Print the whole listing again exactly, keeping no pictures in it.

DATA SEGMENT

####

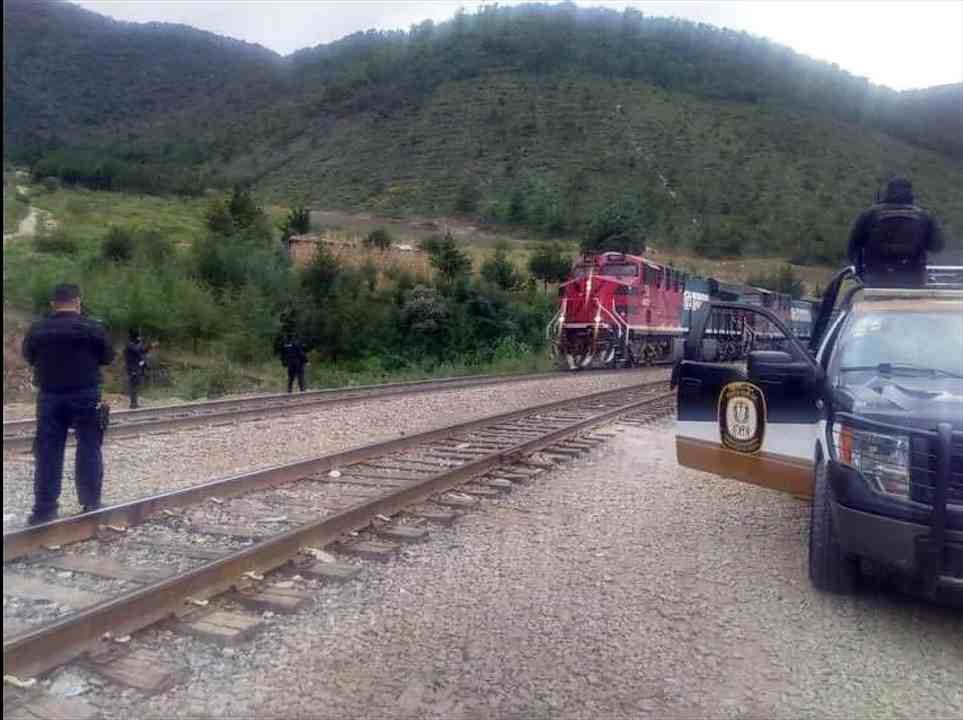 FRUSTRAN ELEMENTOS DEL IPAX ASALTO AL FERROCARRIL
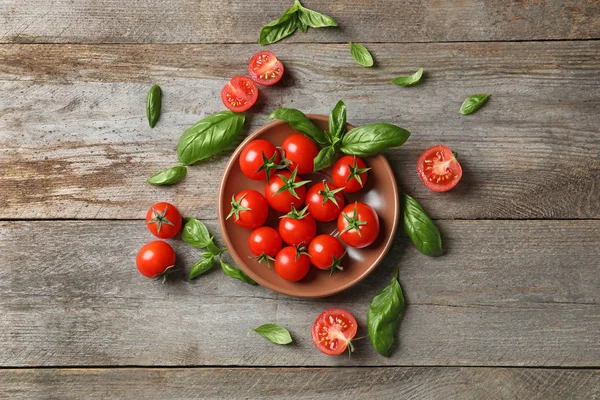 Tomates cerises fraîches — Photo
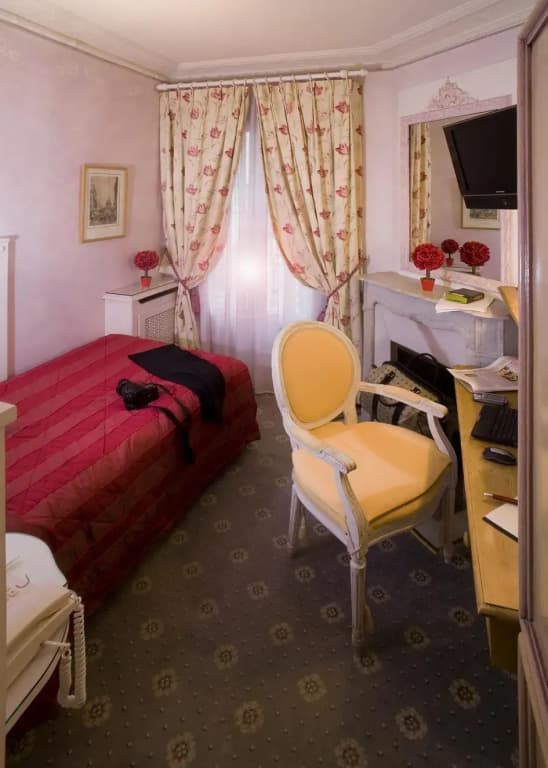 Hôtel Gavarni - photo 17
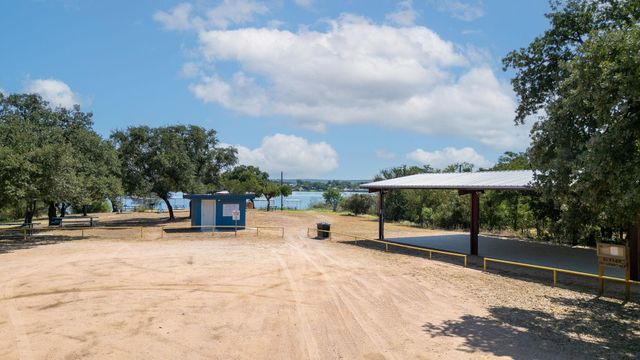 817 Ridgeway, Tow, TX 78672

####

TASK RESPONSE
 FRUSTRAN ELEMENTOS DEL IPAX ASALTO AL FERROCARRIL
 Tomates cerises fraîches — Photo
 Hôtel Gavarni - photo 17
 817 Ridgeway, Tow, TX 78672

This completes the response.